Seluruh tindakan Allah harus dilihat dari kaca mata soteriologi, karena segala sesuatu yang dilakukan Allah seperti tindakan penciptaan, (oleh Allah Bapa), penebusan (oleh Allah Anak), dan pewahyuan (oleh Allah Roh Kudus) merupakan “isi” dari sejarah keselamatan yang telah dirancang-Nya sejak kekekalan. Jadi, rencana atau sejarah keselamatan manusia tak dapat dilepaskan dari keterlibatan ketiga oknum Allah ini. Inilah arti praktis dari dogma ketritunggalan. (Niftrik & Boland : Dogmatika Masa Kini ; 1984: 553). Memang dalam semua tindakan ilahi ini ketiga-Nya terlibat secara aktif, tetapi secara khusus dapatlah dikatakan bahwa Allah Bapa adalah perancang keselamatan, Allah Anak adalah pelaksana karya keselamatan, dan Allah Roh Kudus adalah mediator dalam karya keselamatan itu.

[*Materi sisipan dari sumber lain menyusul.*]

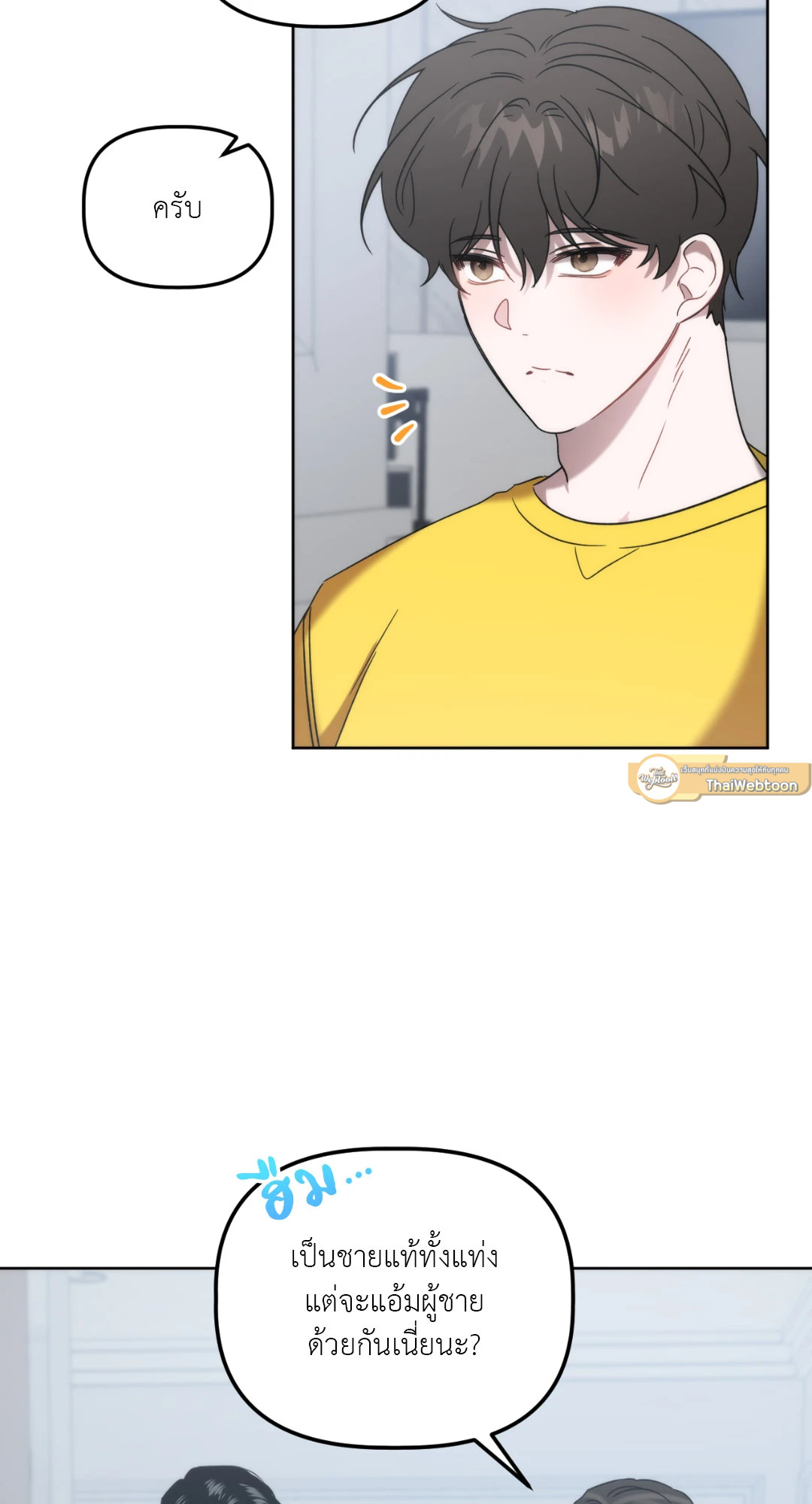 หน้า 43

Jadi seluruh pengertian keselamatan Kristen dan penerapannya pada pengalaman manusia, tergantung pada ketritunggalan Allah (Bruce Milne; 1993:91). Boettner mengatakan bahwa jika tidak ada trinitas, maka tak akan ada penjelmaan, tidak ada penebusan yang obyektif, dan karena itu tak ada penyelamatan; karena tak akan ada oknum yang mampu bertindak sebagai pengantara antara Allah dan manusia. (Boettner dalam buku Thiessen: Teologi Sistematika ; 1992: 152). Hal ini senada dengan apa yang dikatakan oleh A.H. Strong bahwa : “Jika Allah itu hanya satu secara absolut, maka tidak ada perantaraan atau pendamaian, karena antara Allah dan makhluk ciptaan tertinggi ada jurang pemisah yang kekal. Kristus tidak dapat membawa kita lebih dekat kepada diri-Nya sendiri. Hanya Allah sajalah yang dapat memperdamaikan kita dengan Allah. Demikian juga hanya Allah sajalah yang dapat menyucikan jiwa kita. Allah yang hanya satu, tetapi di dalam-Nya tidak ada pluralitas, dapat menjadi hakim kita, tetapi – sejauh kami lihat – tidak bisa menjadi Juruselamat atau yang menyucikan kita”. (A.H. Strong; 1907: 350).
Tidak ada komentar:
Posting Komentar
Silahkan berikan komentar anda dan jangan lupa mencantumkan nama dan kota.propinsi tempat anda berdomisili. Misalnya : Yutmen (Jogja)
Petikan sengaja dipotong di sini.